WHAT TO PRODUCE: Write each line below back out exactly, omitting its pictures.

|---|

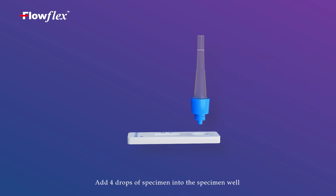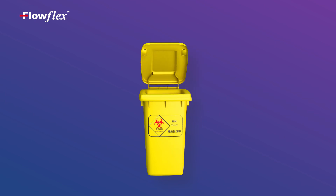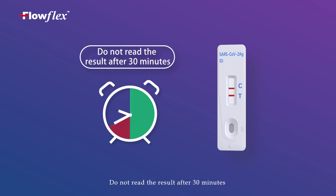Add 4 drops of specimen into the specimen well. Read the result at 15 to 30 minutes. Do not read the result after 30 minutes.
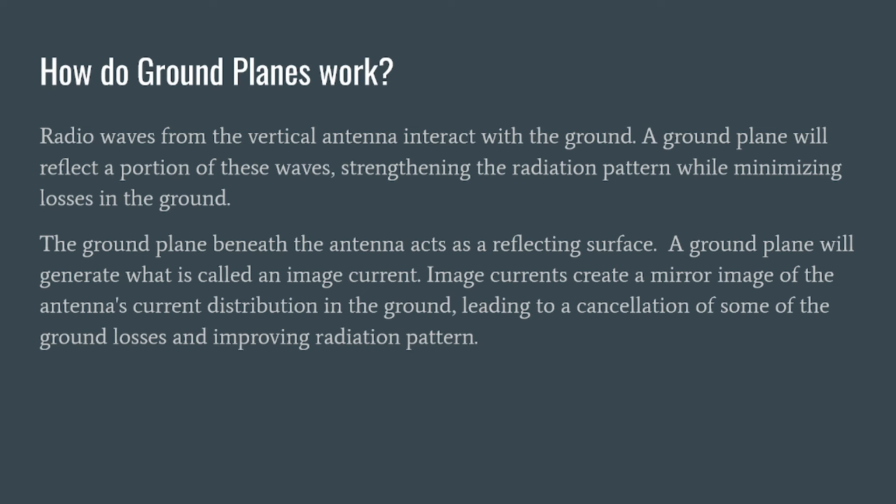Let's talk about how ground planes work. Radio waves from the vertical antenna interact with the ground, and the ground plane will reflect a portion of these waves, strengthening the radiation pattern while minimizing ground losses. Because Earth in most places — anywhere but near saltwater — is not a good conductor, RF energy hitting the ground is quickly absorbed. By using a ground plane, we can reflect that energy. The ground plane beneath the antenna acts as a reflecting surface and generates what is called an image current — a reverse image of your antenna. Image currents create a mirror image of the antenna's current distribution in the ground, leading to cancellation of some ground losses and improving the radiation pattern. Those currents create electromagnetic fields just like your element does, helping push up energy that would otherwise be directed toward the ground.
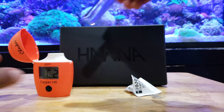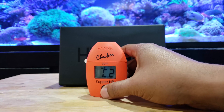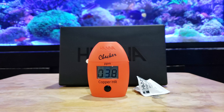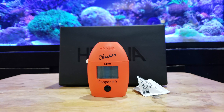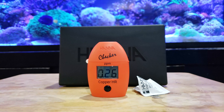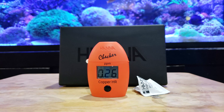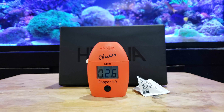Once you get the reagent into the vial, go ahead and shake it for about 15 seconds. After you shake it, put the vial back into the tester and hold the button down — make sure you hold it, don't just push it. Hold it down until the meter starts counting, and it takes about 45 seconds for the test to be completed. My test came up with 0.26 parts per million. This is right around where I want to be — it tells me my dose is correct and I have half the therapeutic dose of copper in my system. As the instructions say on the Cupramine bottle, you want one dose one day and then the next day put in the second dose, and that's how we test copper these days.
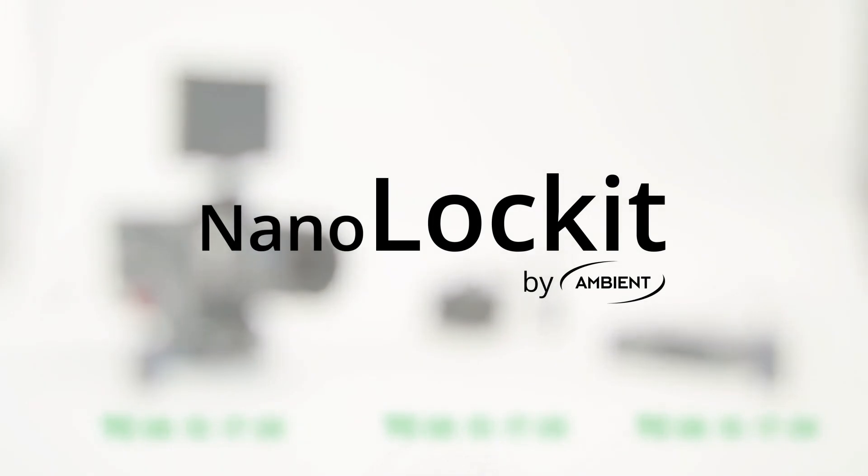NanoLocket — the small, wireless, easy-to-use timecode generator by Ambient.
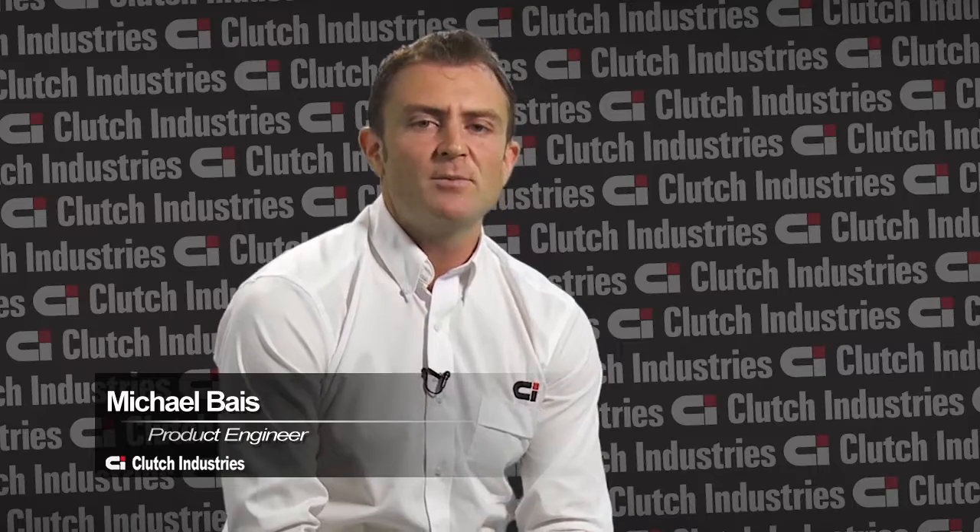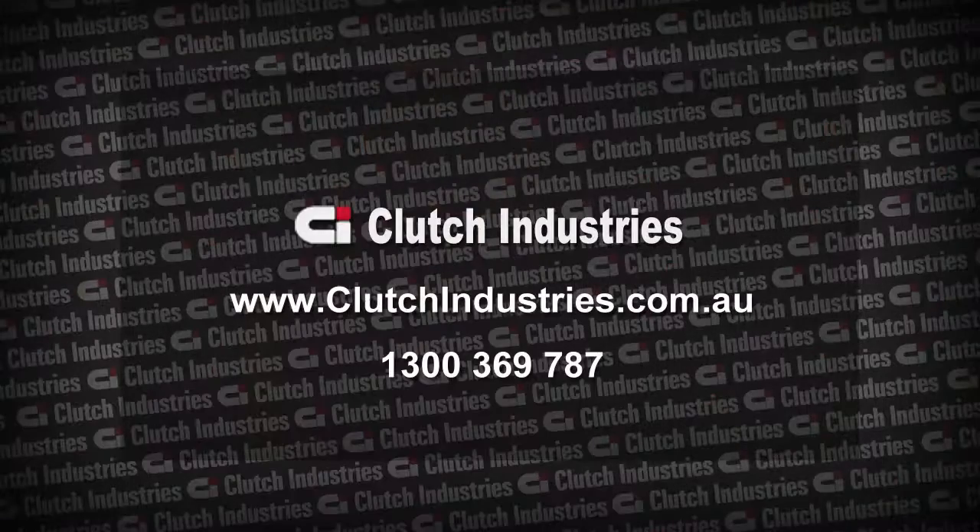If you cover off these three points, you should not encounter any further problems with non-release or difficult gear selection. For any further technical information related to this technical bulletin, please contact Clutch Industries on 1300 369 787.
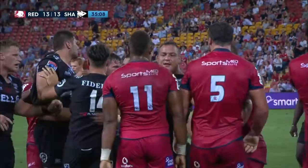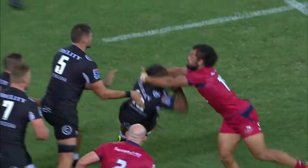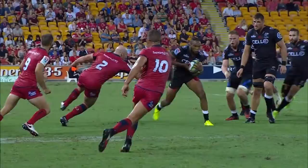Kane Douglas is opposite number. Have a quick look — it looked like, in real time, it looked like a really good shot. Stacking back inside. Oh, just a good shot from Carmichael Hunt, off the right foot.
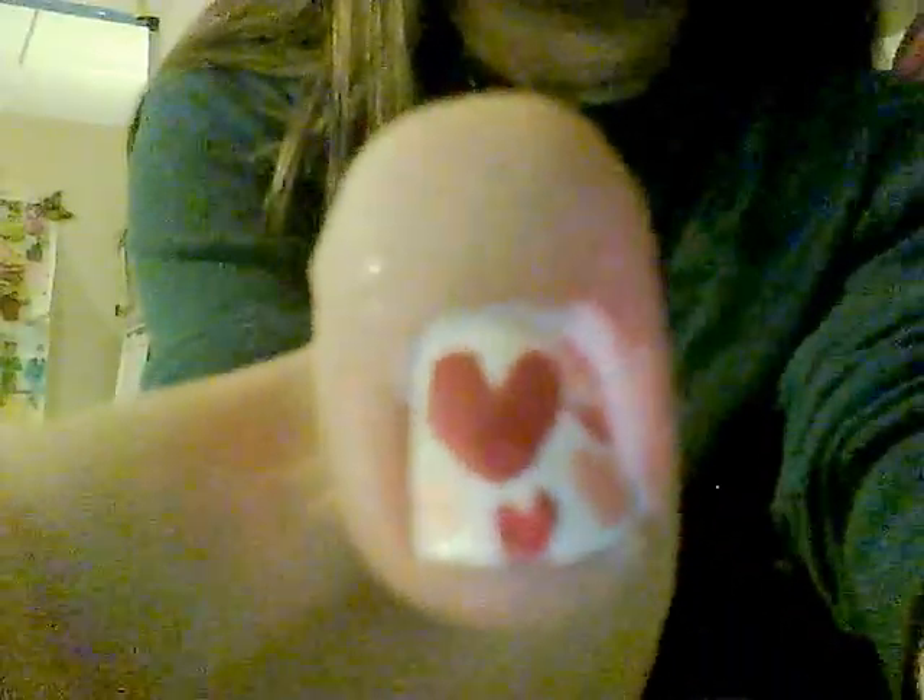Hello! So today I'm going to be making a Valentine's Day nail design. Hope you can see that. Now what I basically did was I made a big heart in the middle and then made a whole lot of little hearts around it. Let's get started.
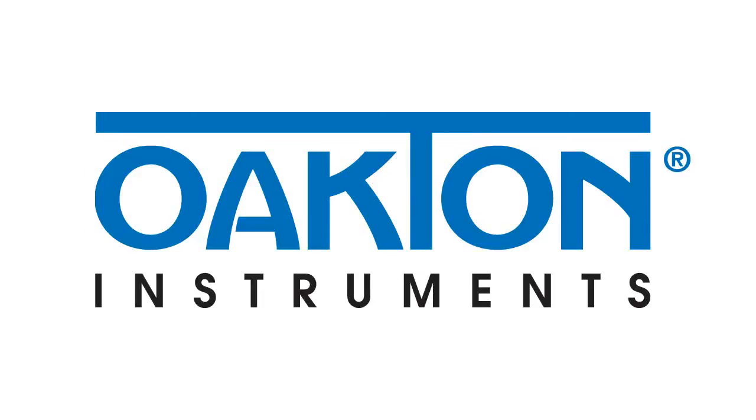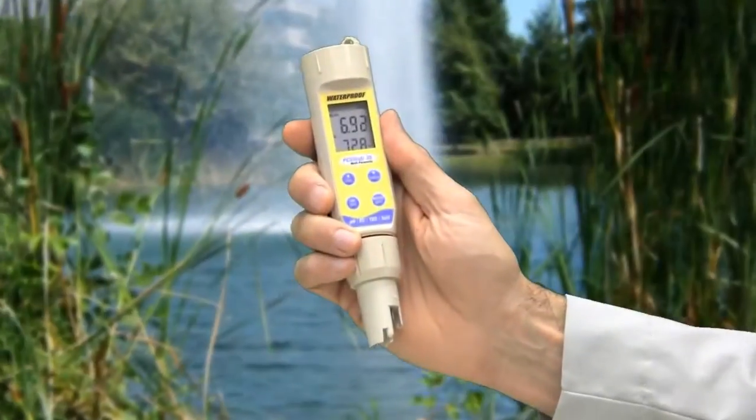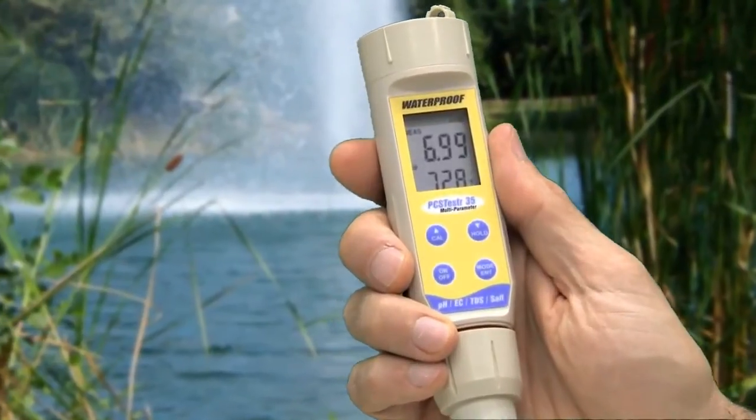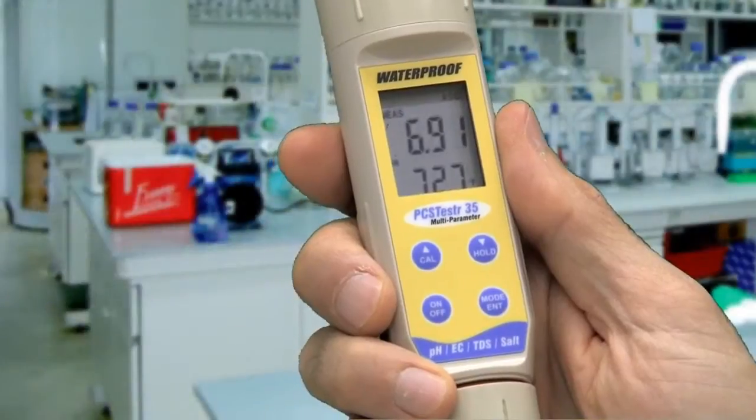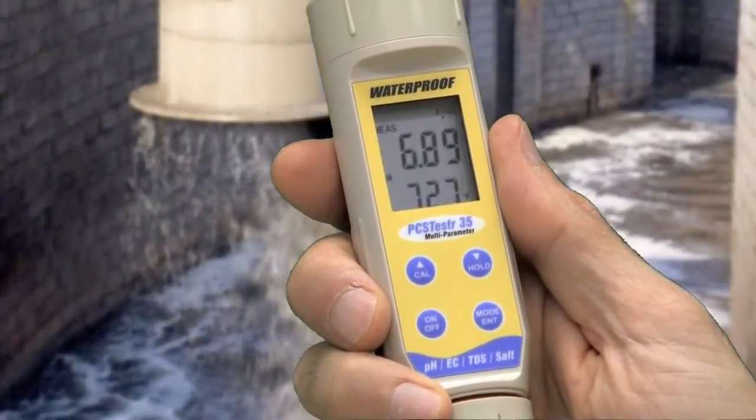Look to Oakden for versatile pocket pH meters, including the Oakden Waterproof Multi-Parameter 35 Series testers, ideal for hydroponics, research, water, and wastewater applications.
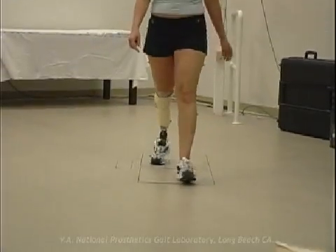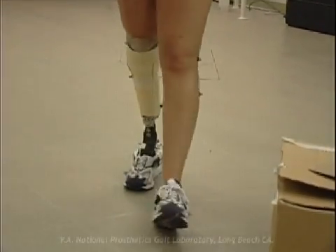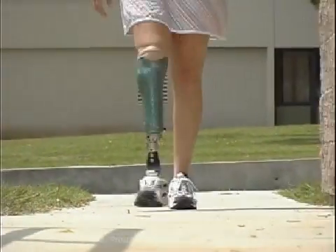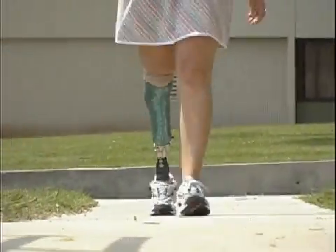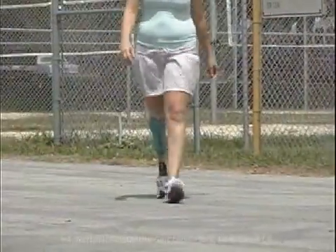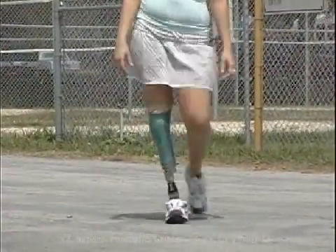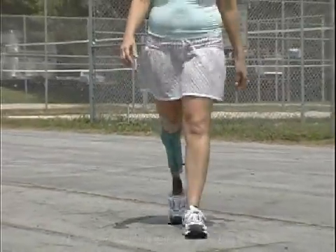During ambulation in a prosthesis, in the coronal plane, the foot should roll over evenly on the floor during stance. If the individual is walking on the lateral side of the foot, even though the foot is placed under the knee center appropriately, as seen here, the socket may be in excessive abduction relative to the anatomical position of the amputee's limb.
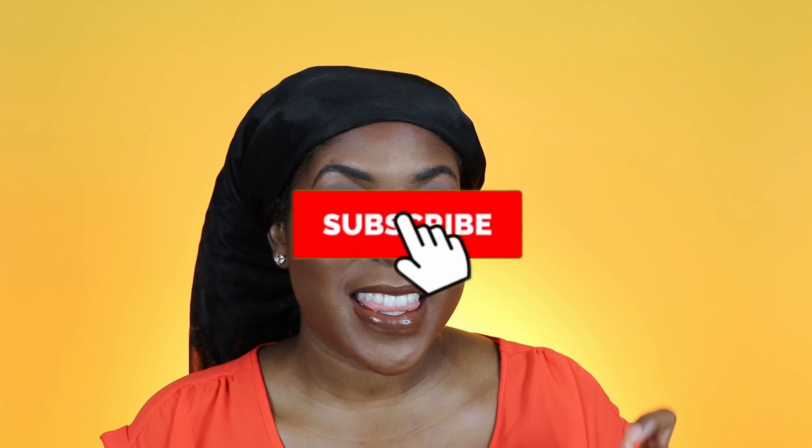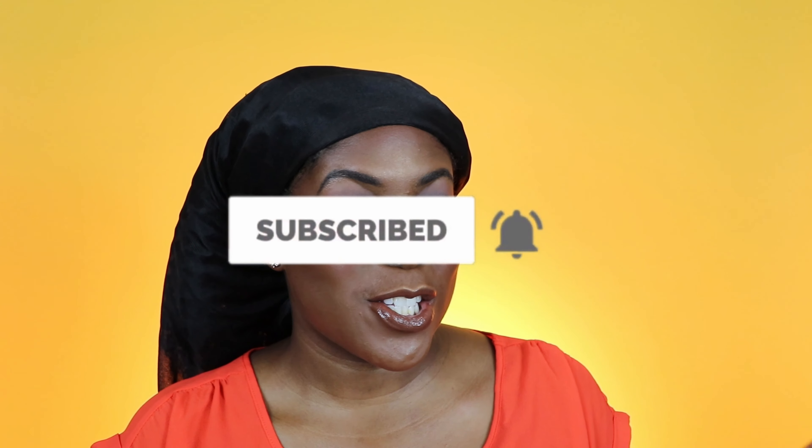Can her twist elongating styling cream surpass any other creams I've used for a twist out? That's what we will be testing today and I am really excited - I can't wait for y'all to see how this turned out. If any of that interests you, please keep on watching, and don't forget to hit that subscribe button and turn your notifications on so you don't miss anything. All right, without further ado, let's get into the video.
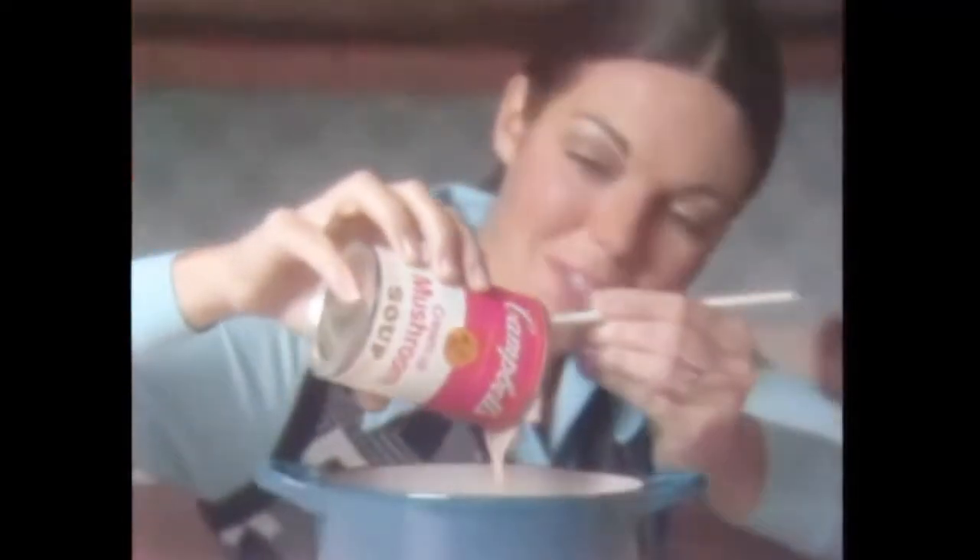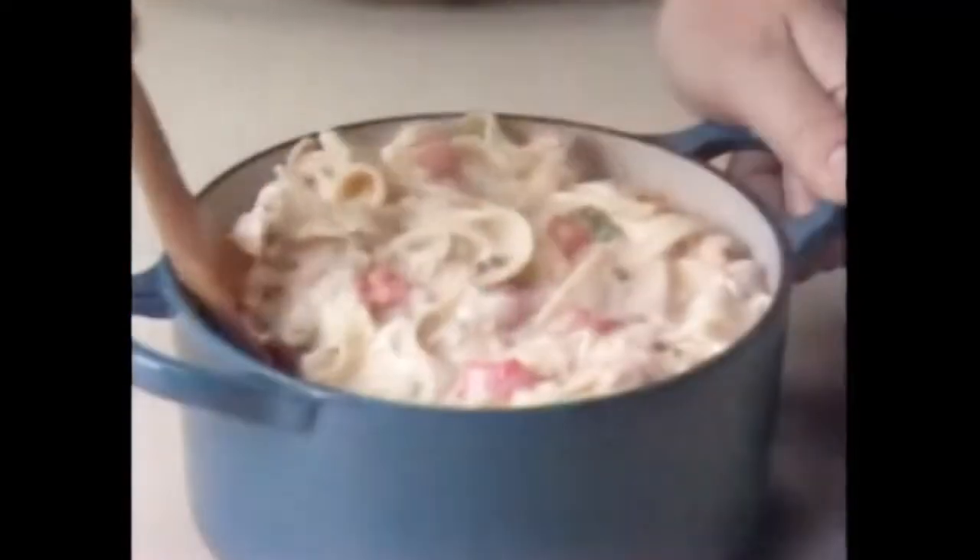Campbell's cream of mushroom soup makes it smooth and flavorful. Campbell's kitchen-tested recipe makes it quick and easy. The best way I know to stretch my food budget is to reach into my cupboard for a can of Campbell's soup.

|---|

ANSWER TO THE EXERCISE:
Add 4 drops of specimen into the specimen well. Read the result at 15 to 30 minutes. Do not read the result after 30 minutes.
Let's talk about how ground planes work. Radio waves from the vertical antenna interact with the ground, and the ground plane will reflect a portion of these waves, strengthening the radiation pattern while minimizing ground losses. Because Earth in most places — anywhere but near saltwater — is not a good conductor, RF energy hitting the ground is quickly absorbed. By using a ground plane, we can reflect that energy. The ground plane beneath the antenna acts as a reflecting surface and generates what is called an image current — a reverse image of your antenna. Image currents create a mirror image of the antenna's current distribution in the ground, leading to cancellation of some ground losses and improving the radiation pattern. Those currents create electromagnetic fields just like your element does, helping push up energy that would otherwise be directed toward the ground.
Once you get the reagent into the vial, go ahead and shake it for about 15 seconds. After you shake it, put the vial back into the tester and hold the button down — make sure you hold it, don't just push it. Hold it down until the meter starts counting, and it takes about 45 seconds for the test to be completed. My test came up with 0.26 parts per million. This is right around where I want to be — it tells me my dose is correct and I have half the therapeutic dose of copper in my system. As the instructions say on the Cupramine bottle, you want one dose one day and then the next day put in the second dose, and that's how we test copper these days.
NanoLocket — the small, wireless, easy-to-use timecode generator by Ambient.
If you cover off these three points, you should not encounter any further problems with non-release or difficult gear selection. For any further technical information related to this technical bulletin, please contact Clutch Industries on 1300 369 787.
Kane Douglas is opposite number. Have a quick look — it looked like, in real time, it looked like a really good shot. Stacking back inside. Oh, just a good shot from Carmichael Hunt, off the right foot.
Hello! So today I'm going to be making a Valentine's Day nail design. Hope you can see that. Now what I basically did was I made a big heart in the middle and then made a whole lot of little hearts around it. Let's get started.
Look to Oakden for versatile pocket pH meters, including the Oakden Waterproof Multi-Parameter 35 Series testers, ideal for hydroponics, research, water, and wastewater applications.
During ambulation in a prosthesis, in the coronal plane, the foot should roll over evenly on the floor during stance. If the individual is walking on the lateral side of the foot, even though the foot is placed under the knee center appropriately, as seen here, the socket may be in excessive abduction relative to the anatomical position of the amputee's limb.
Can her twist elongating styling cream surpass any other creams I've used for a twist out? That's what we will be testing today and I am really excited - I can't wait for y'all to see how this turned out. If any of that interests you, please keep on watching, and don't forget to hit that subscribe button and turn your notifications on so you don't miss anything. All right, without further ado, let's get into the video.
Campbell's cream of mushroom soup makes it smooth and flavorful. Campbell's kitchen-tested recipe makes it quick and easy. The best way I know to stretch my food budget is to reach into my cupboard for a can of Campbell's soup.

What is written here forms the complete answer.